Almost 100 people filled a conference room at Flathead Valley Community College on Sept. 20 to discuss health care reform and how it would affect area employers.
Frank Cote, chief sales officer for Blue Cross Blue Shield of Montana, traveled the state this summer to talk with customers and the public about the Affordable Care Act. The law was passed in 2010 and mostly upheld by the U.S. Supreme Court earlier this year. Although prominent Republicans, including presidential candidate Mitt Romney, have vowed to overturn the legislation, Cote said that was unlikely.
“I think there is zero chance of it being repealed,” he said. “But it will be changed, because you don’t make a 2,000 page law without a few mistakes.”
Blue Cross Blue Shield, Western States Insurance and the Affiliated Chambers of the Flathead sponsored the meeting.
Cote said his recent trip around the state was meant to dispel rumors and provide unbiased information about the law. The legislation has slowly gone into effect since 2010 and it will be fully implemented in 2014. Parts of the law require some employers to provide certain levels of insurance and Cote said that has raised questions. He also said some small business would be able to take advantage of various tax credits.
The law requires everyone to acquire “minimum essential coverage,” be it through an individual insurance plan, a workplace option or government program. One of the biggest questions is what exactly “minimum” coverage is. Cote said although the law requires it, the level of coverage has yet to be defined. That will be completed by the Department of Health and Human Services in the coming months.
“While the law is there, the definition isn’t,” Cote said.
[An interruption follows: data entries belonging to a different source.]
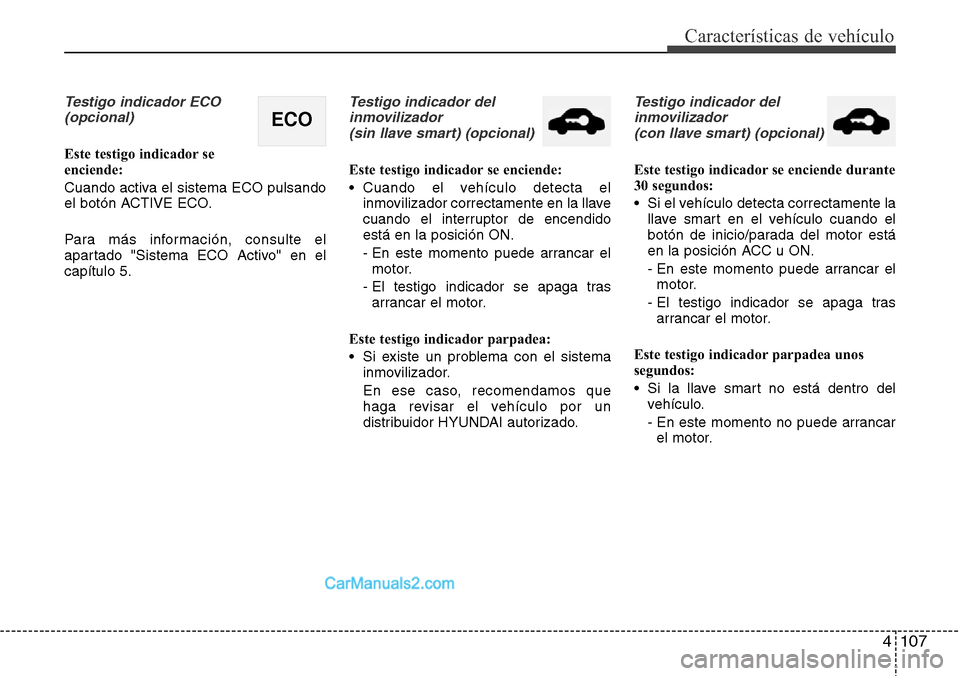 Hyundai Grand Santa Fe 2015 Manual del propietario (in Spanish) 4 107
Características de vehículo
Testigo indicador ECO
(opcional)
Este testigo indicador se
enciende:
Cuando activa el sistema ECO pulsando
el botón ACTIVE ECO.
Para más información, consulte e Hyundai Grand Santa Fe 2015 Manual del propietario (in Spanish) 4 107
Características de vehículo
Testigo indicador ECO
(opcional)
Este testigo indicador se
enciende:
Cuando activa el sistema ECO pulsando
el botón ACTIVE ECO.
Para más información, consulte e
If an individual does not buy health insurance, there is a yearly penalty of $95 or 1 percent of their income in 2014. That fee would increase to $325 per adult in 2015 and $695 per adult in 2016. The law also penalizes large employers, with 50 or more full-time workers, if it does not provide minimum coverage. The fee would be $2,000 per full-time employee. If the insurance a company offers is deemed unaffordable, a business may also be charged a $3,000 penalty.
Cote said parts of the law would change in the coming months and years, depending on what is decided on both the state and federal level. He said meetings like the one last week are helpful for businesses to better understand the legislation.
“There are a lot of moving parts and we all need to figure out how to make it work,” he said. “We think it’s important for us to educate our members and the public.”
The decision by the Supreme Court earlier this summer to leave in place the majority of the health care law came as no surprise to Cote. He said if the law were overturned, it would have affected many other laws already in place.
“What does that mean for Montana?” he asked the audience. “It means health care reform is alive and well here and we at Blue Cross Blue Shield are busy helping businesses comply with this complex law.”